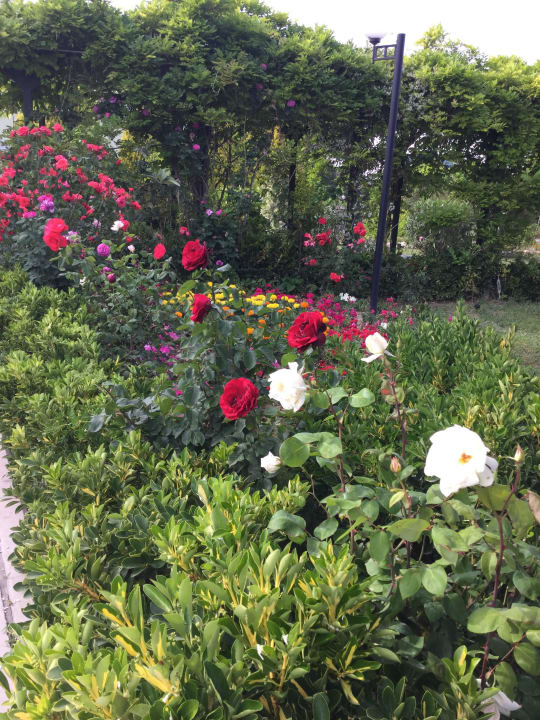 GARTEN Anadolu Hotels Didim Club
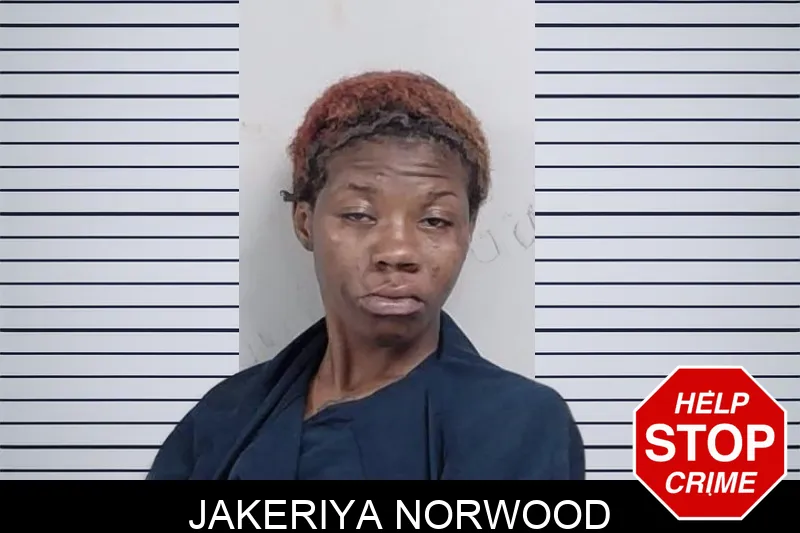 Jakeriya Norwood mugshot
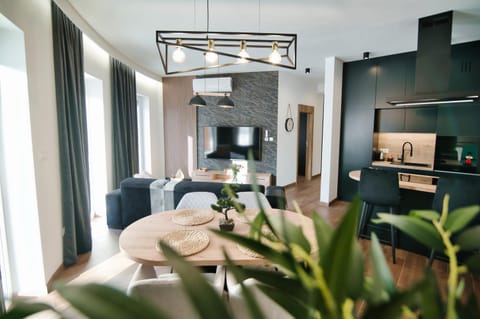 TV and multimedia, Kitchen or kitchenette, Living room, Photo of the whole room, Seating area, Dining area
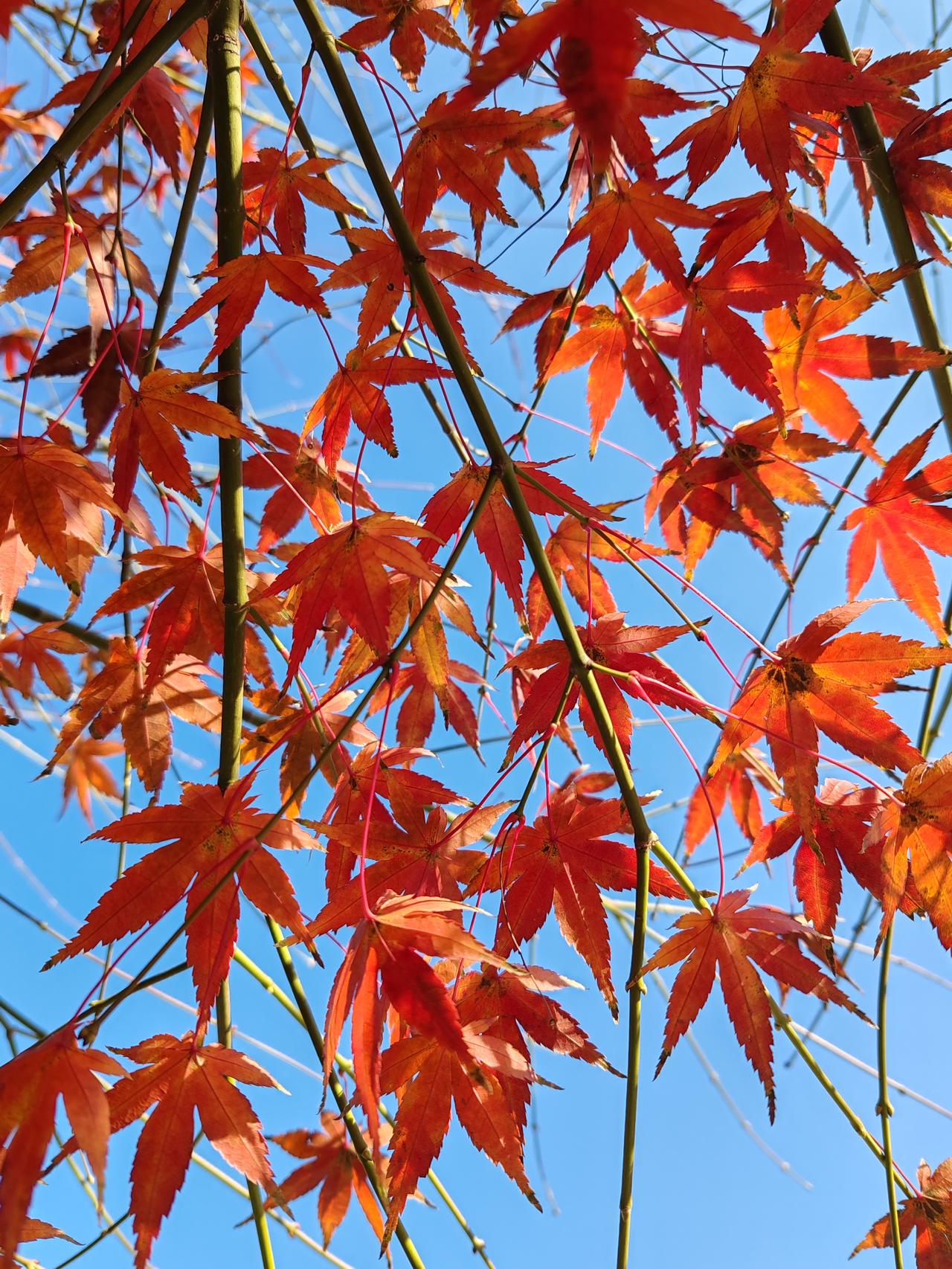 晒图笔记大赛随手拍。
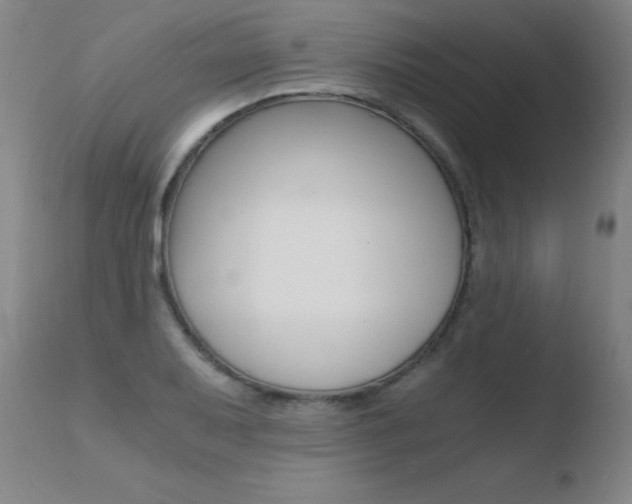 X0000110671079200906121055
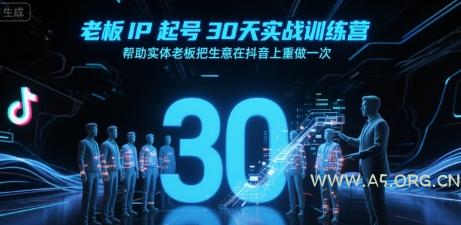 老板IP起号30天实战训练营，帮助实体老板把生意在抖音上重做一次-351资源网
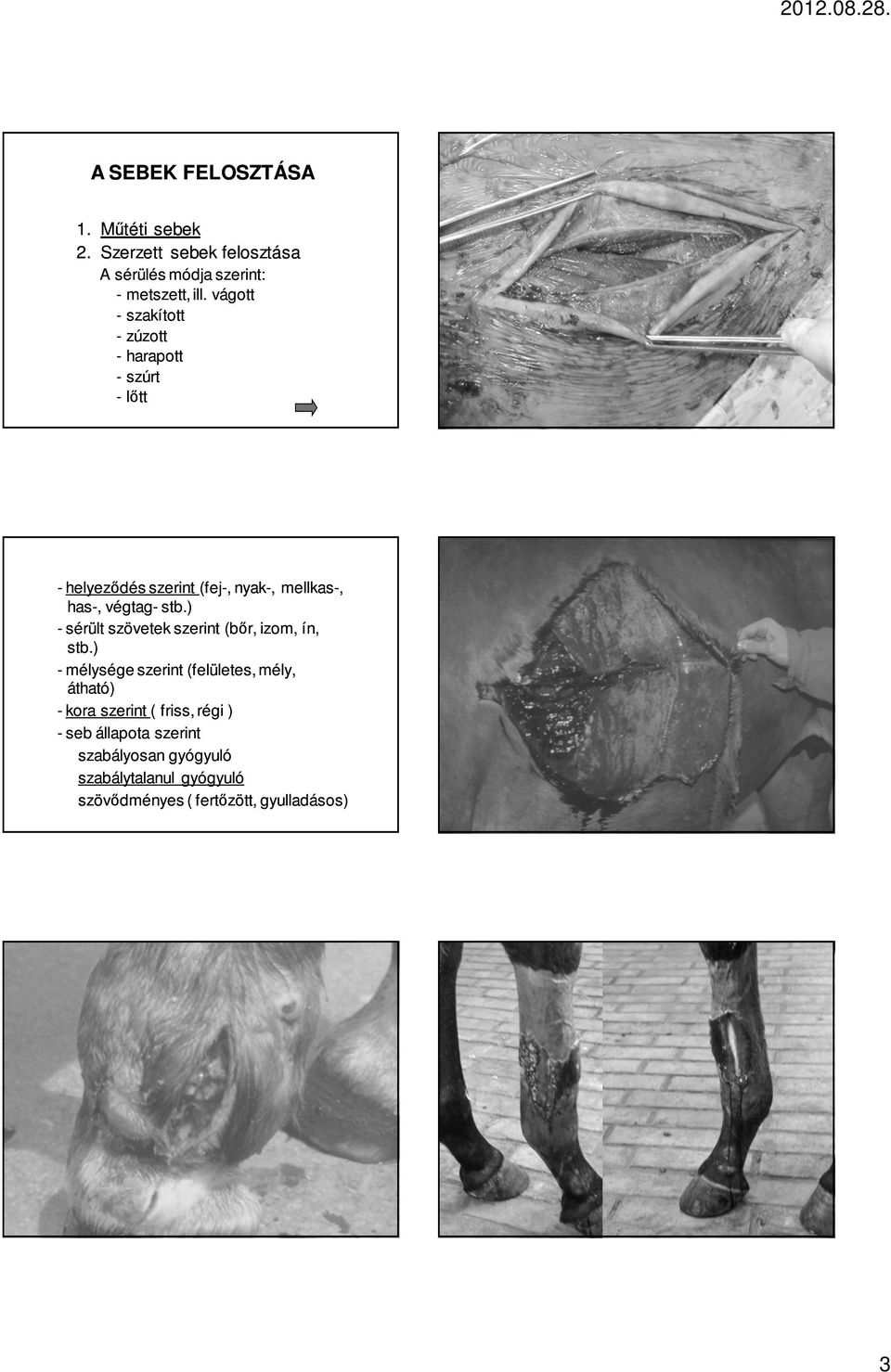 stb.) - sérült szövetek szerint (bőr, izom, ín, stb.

PROBLEM DETAILS
Would you repeat the material above exactly, line for line, from its first line to the line with "老板IP起号30天实战训练营，帮助实体老板把生意在抖音上重做一次-351资源网", including both and skipping every picture?

TASK SOLUTION
 GARTEN Anadolu Hotels Didim Club
 Jakeriya Norwood mugshot
 TV and multimedia, Kitchen or kitchenette, Living room, Photo of the whole room, Seating area, Dining area
 晒图笔记大赛随手拍。
 X0000110671079200906121055
 老板IP起号30天实战训练营，帮助实体老板把生意在抖音上重做一次-351资源网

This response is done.